Depuis dix ans, le Festival de littérature africaine « Fest’Africa » réunit à Lille des écrivains venus de différents horizons.
Pour fêter ce bel anniversaire, Nocky Djedanoum, directeur du festival, et Maïmouna Coulibaly ont lancé un véritable défi, celui d’organiser au Tchad « Le Congrès des écrivains d’Afrique et de ses diasporas », et ce, presque cinquante ans après ceux de Paris (1956) et de Rome (1959).
Pendant des années, le Tchad a été le terrain de guerres civiles, mais sous les blessures le cœur des artistes tchadiens continue de battre ; écrivains, comédiens, musiciens, danseurs créent, composent, produisent et travaillent dans l’ombre le plus souvent. Ahmad Taboye l’affirme, la littérature tchadienne est en pleine expansion, les auteurs se multiplient et les genres se diversifient. Cependant la publication, au Tchad encore plus qu’ailleurs, est liée à son coût.

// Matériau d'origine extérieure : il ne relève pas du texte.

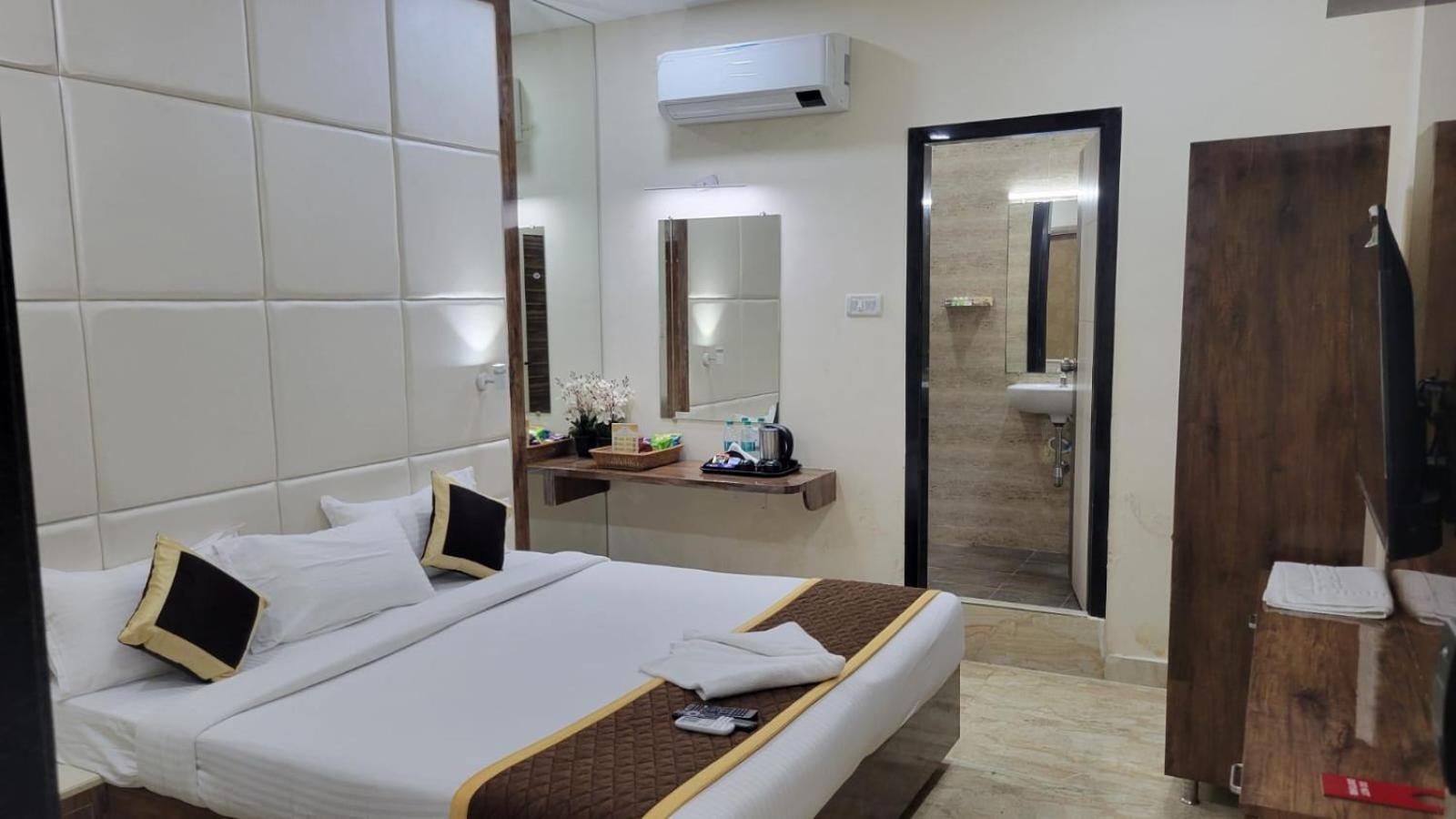 Grace Residency Chennai Airport Hotel Exterior foto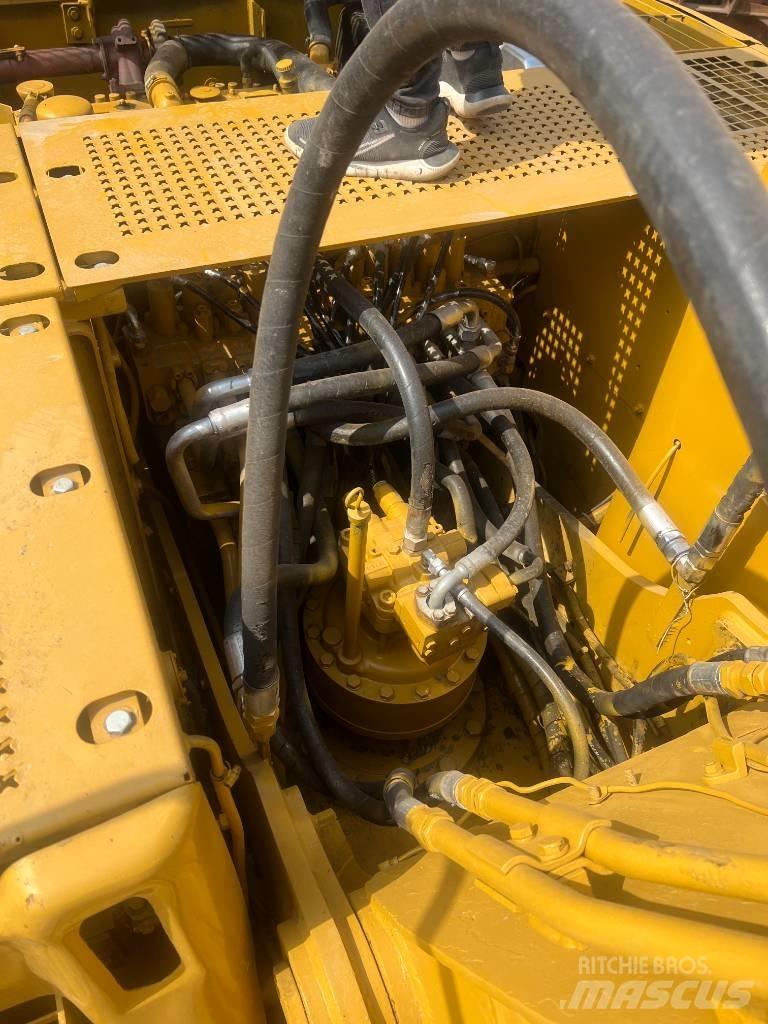 CAT 320 C Telakaivukoneet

Le prix du livre est souvent hors de portée des lecteurs.

Destination N’Djamena : le congrès

D’Ernest Pépin (Guadeloupe) à Tahar Bekri (Tunisie) en passant par Alain Mabanckou, Gabriel Okoundji* (Congo-Brazzaville), Noël Ndjekery (Tchad), Ludovic Obiang (Gabon), Louis-Philippe Dalembert, Dany Laferière (Haïti), Véronique Tadjo (Côte d’Ivoire), et beaucoup d’autres parmi lesquels Boniface Mongo-Mboussa, auteur et critique littéraire, Odile Cazenave auteur de Afrique sur Seine : une nouvelle génération de romanciers africains à Paris…, le congrès des écrivains africains et de ses diasporas rassemblait la fine fleur d’une littérature mal connue de nos CDI et dont je voudrais être le modeste passeur.

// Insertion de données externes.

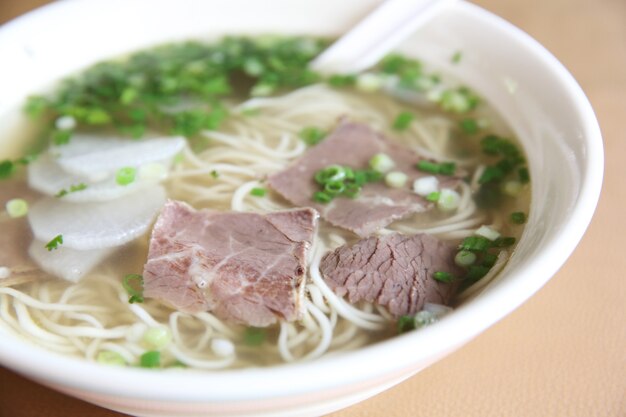 Sopa de fideos chinos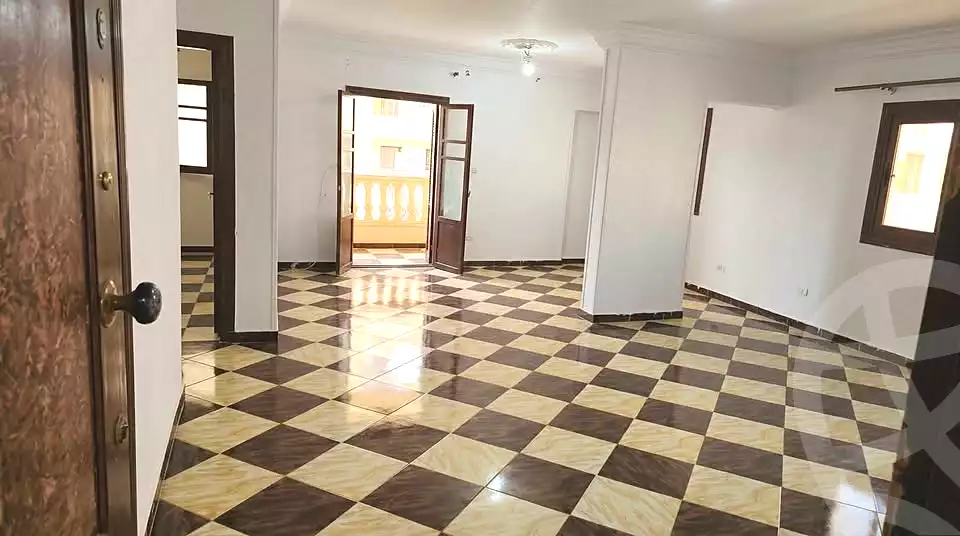 https://aqarmap.com.eg/ar/listing/7296433-for-rent-alexandria-miami-khld-bn-lwlyd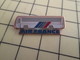 Sp15b Pin's Pins / Rare Et Beau THEME AVIATION / AUTOBUS COMPAGNIE AERIENNE AIR FRANCE - Airplanes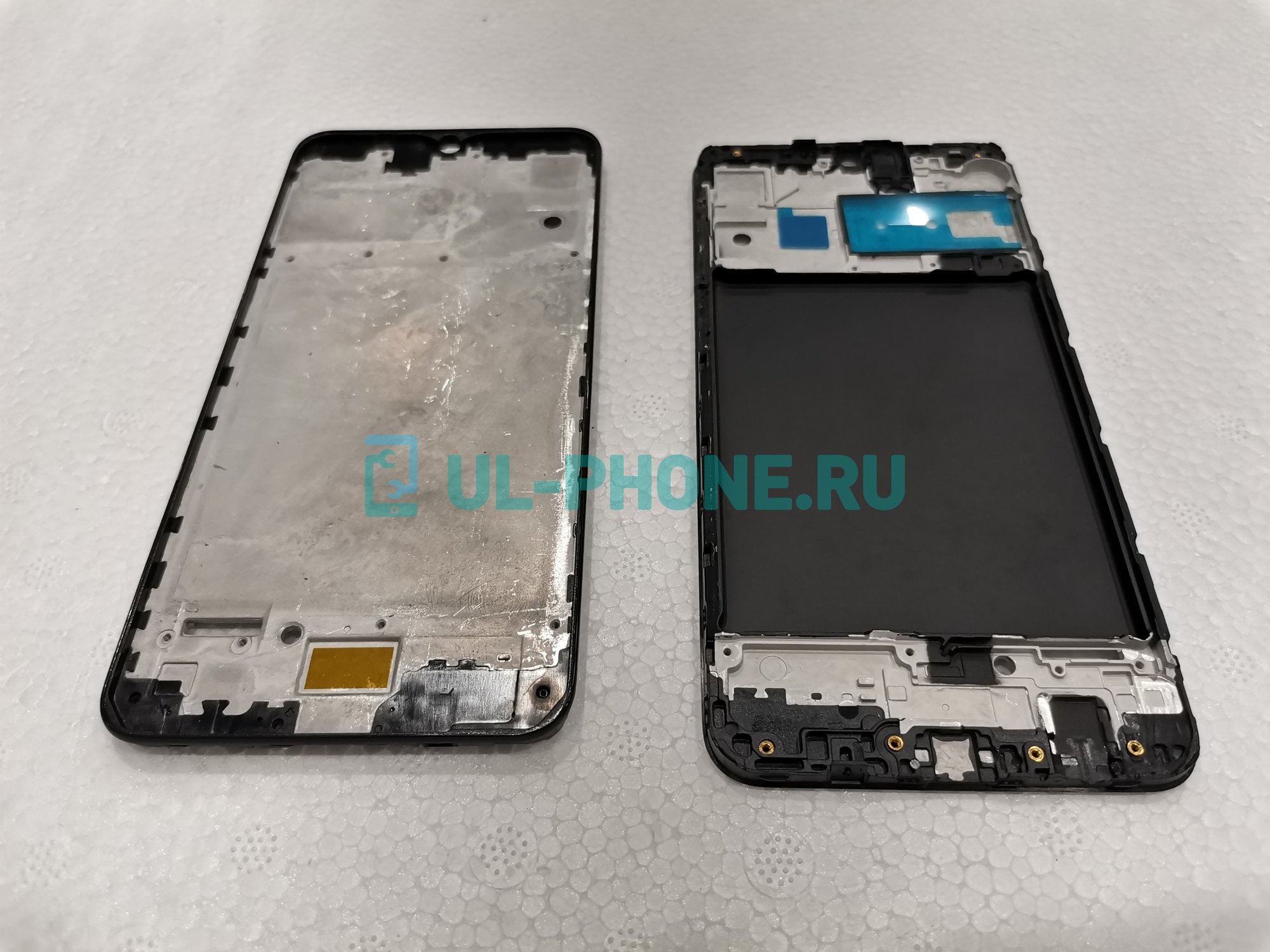Рамка дисплея для Samsung Galaxy A10 (SM-A105F) черная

C’est dans cette optique que, grâce à Fest’Africa, nous invitons depuis plusieurs années au lycée Saint-Adrien à Villeneuve-d’Ascq, des écrivains africains : Justine, Mintsa (Gabon), Fatou Keïta (Côte- d’Ivoire), Ouaga Balé Danaï (Tchad) et des conteurs parmi lesquels le conteur tchadien Toigar Keiba Natar. Comme moi, les professeurs ont été particulièrement séduits par leurs interventions et l’impact auprès des élèves. La littérature africaine est peu lue sans doute parce qu’il est souvent difficile de la trouver en librairie sans passer commande au préalable. À chaque fois il faut ruser, « découper » les ouvrages, imposer des règles très strictes pour que les textes circulent et soient consultés le plus rapidement possible.

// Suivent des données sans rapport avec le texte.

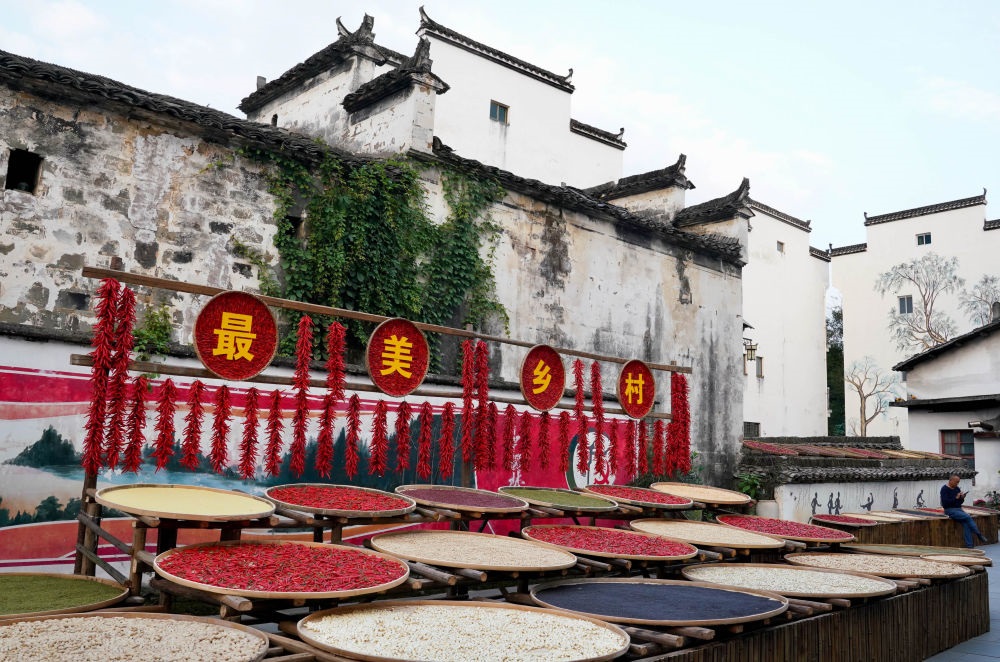 婺源縣王村石門自然村一角（2023年10月11日攝）。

Lorsque Nocky Djedanoum nous a fait part de son projet lors d’une rencontre ARDEP (Association régionale des Documentalistes de l’Enseignement Privé) en novembre 2002, j’y ai adhéré aussitôt !

Un rêve devenu réalité en atterrissant le 23 octobre à 4 h du matin à l’aéroport de N’Djamena… Participer à ce congrès c’était naturellement profiter au maximum des rencontres, des conférences avec les auteurs, mais c’était aussi prendre conscience des difficultés d’organisation, mesurer à quel point le fossé qui nous sépare des pays africains est profond, à quel point nous bénéficions de chances dont nous ne mesurons pas l’ampleur. L’électricité non distribuée, l’eau dispensée avec grande parcimonie, la vie extrêmement chère, l’insécurité sont autant d’obstacles à surmonter. À tout moment les conférences peuvent être interrompues par la panne de groupes électrogènes crachotants qui plongent l’assemblée dans l’obscurité et coupent la voix des intervenants. Sans autre alternative que la patience et la bonne humeur ! Étrange capitale que cette ville qui étale ses maisons en pisé, ses égouts à ciel ouvert, ses rues défoncées, ses tas d’immondices, sur des kilomètres. Étrange capitale plongée dans l’obscurité totale dès que le soleil disparaît… Étrange capitale qui séduit pourtant envers et contre tout.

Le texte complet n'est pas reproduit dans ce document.